- PROVIDED RECORDS
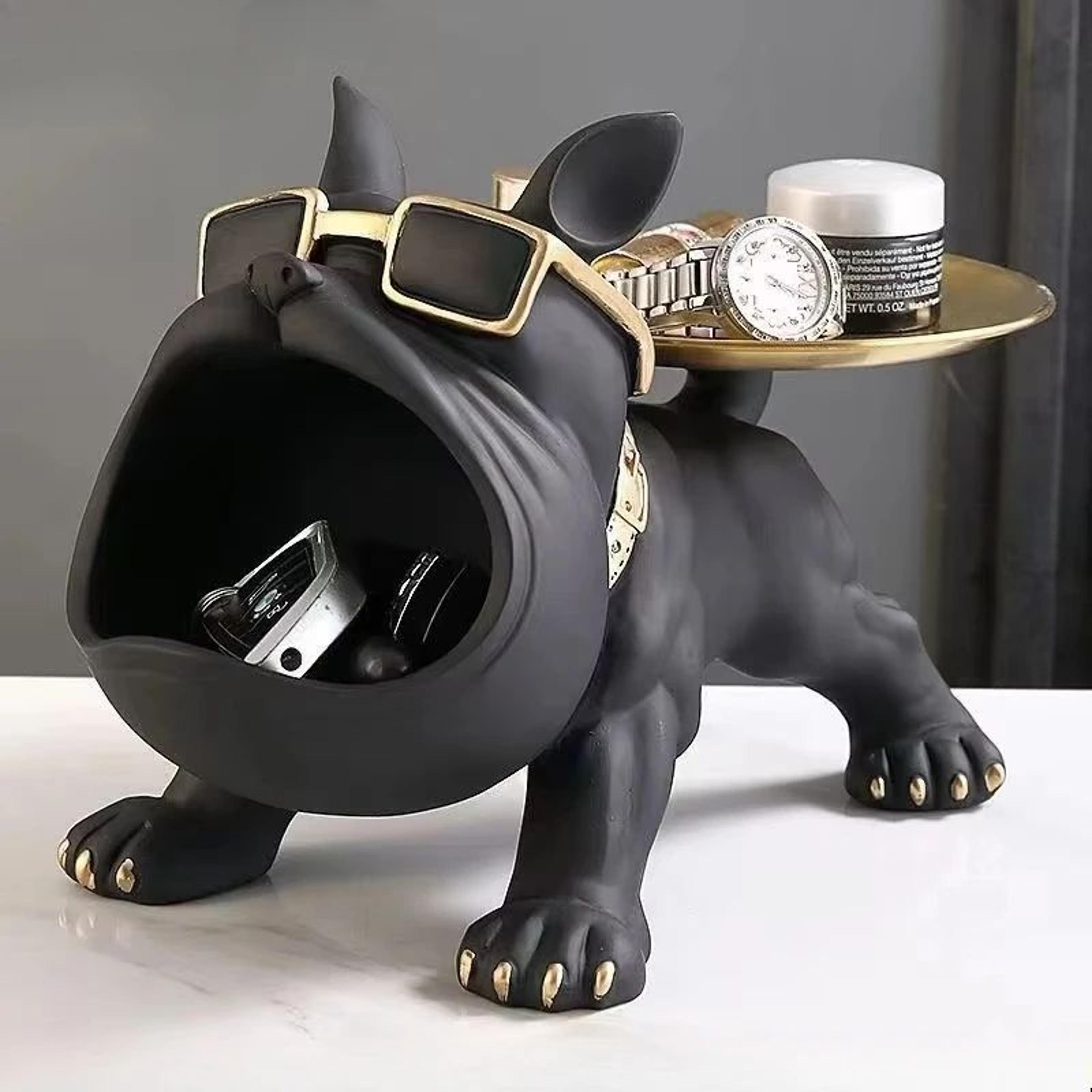 bulldog storage statue decorative dog figurine organizer for home and office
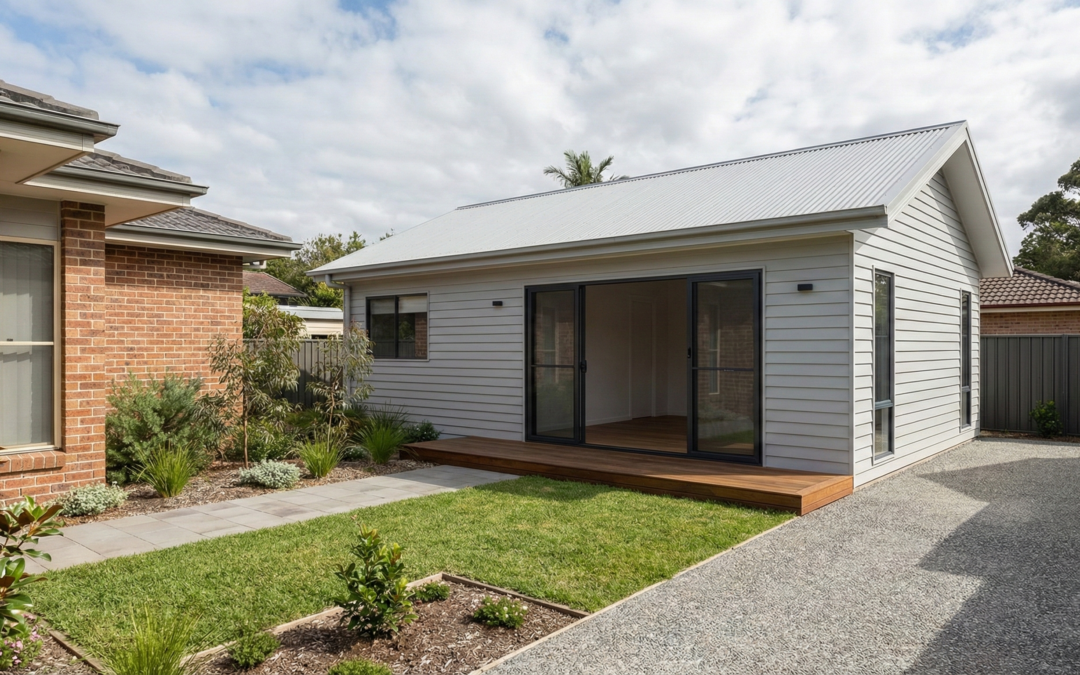 Modern detached granny flat in a Sydney backyard showing a compliant 60sqm secondary dwelling design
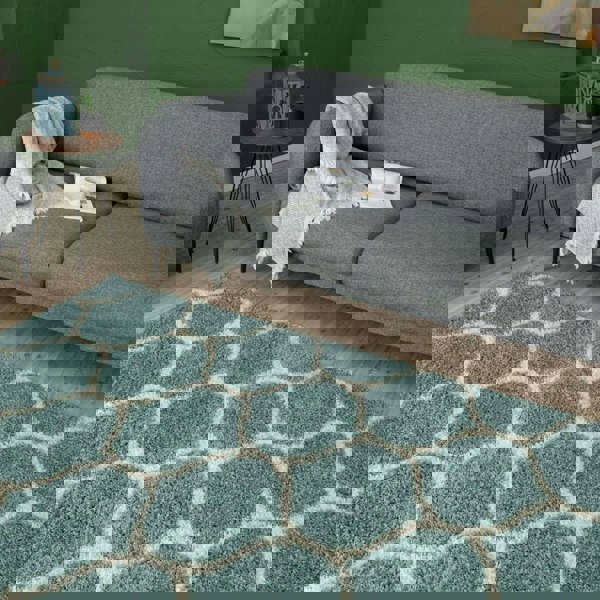 Trellis Design Thick Shaggy Area Rugs Duck Egg Blue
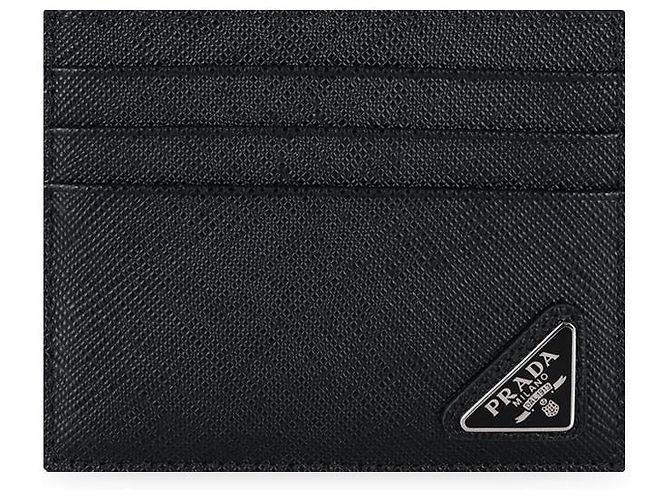 Prada Men's Triangle Logo Saffiano Leather Card Holder Black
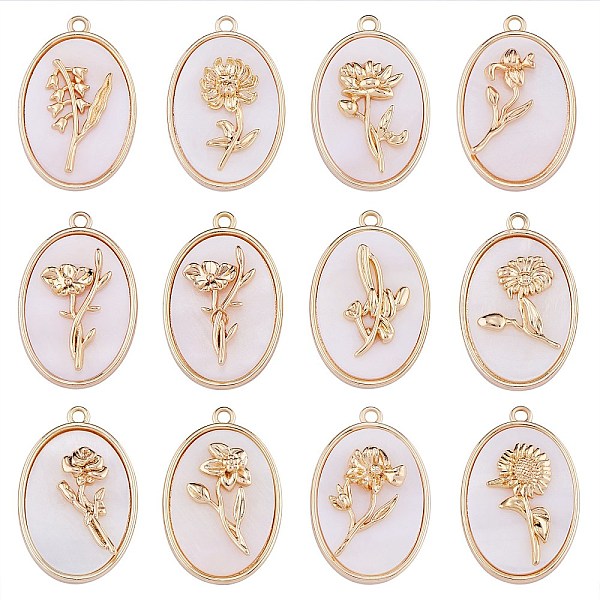 

PandaHall 12Pcs 12 Styles Brass Birth Floral Pendants, Oval with Flower Mother of Pearl White Shell Charms, Real 18K Gold Plated, Mixed...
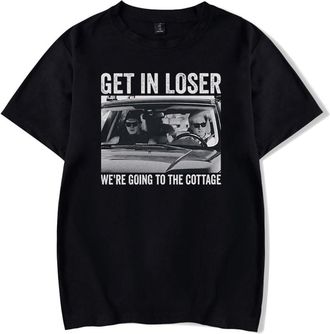 Generic Heated Rivalry T-Shirt Get in Loser Were Going to The Cottage Crewneck Short Sleeve Casual Fashion Tee (Black,4XL)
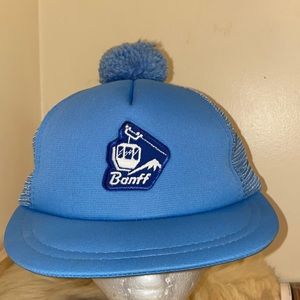 Vintage  Banff Trucker Snapback Hat with Pom Pom Short Bill Patch Cap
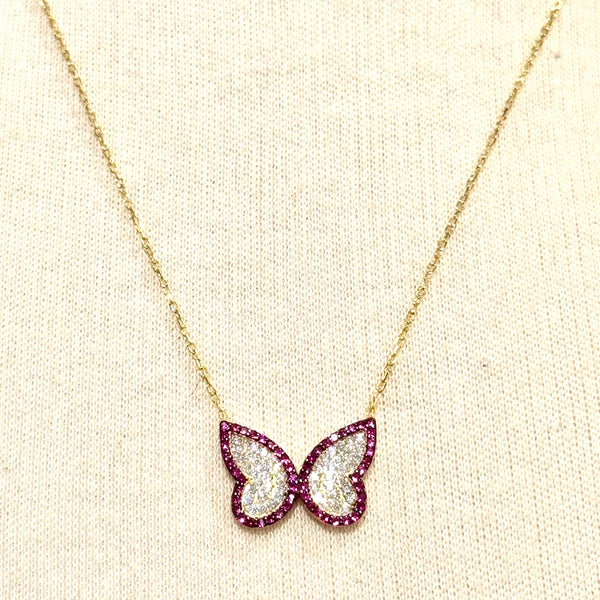 Clear And Pink CZ Butterfly Necklace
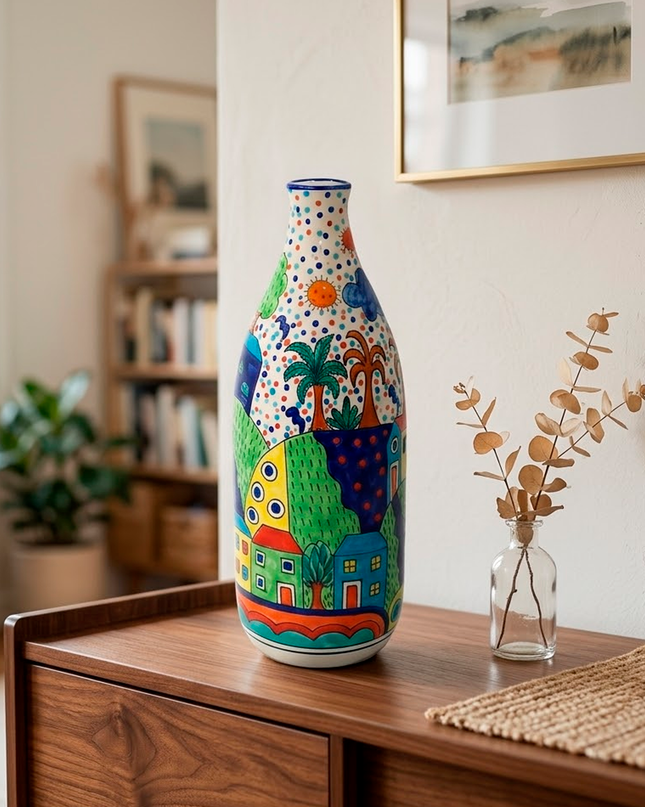 Hand-Painted Colorful Abstract Village Art Ceramic Bottle Vase – Whimsical Village Scene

- PROBLEM DESCRIPTION
To complete this exercise, repeat exactly the lines above from the one holding "Modern detached granny" to the end of the listing, both included, and leave the pictures out.

- REPLY
 Modern detached granny flat in a Sydney backyard showing a compliant 60sqm secondary dwelling design
 Trellis Design Thick Shaggy Area Rugs Duck Egg Blue
 Prada Men's Triangle Logo Saffiano Leather Card Holder Black

PandaHall 12Pcs 12 Styles Brass Birth Floral Pendants, Oval with Flower Mother of Pearl White Shell Charms, Real 18K Gold Plated, Mixed...
 Generic Heated Rivalry T-Shirt Get in Loser Were Going to The Cottage Crewneck Short Sleeve Casual Fashion Tee (Black,4XL)
 Vintage  Banff Trucker Snapback Hat with Pom Pom Short Bill Patch Cap
 Clear And Pink CZ Butterfly Necklace
 Hand-Painted Colorful Abstract Village Art Ceramic Bottle Vase – Whimsical Village Scene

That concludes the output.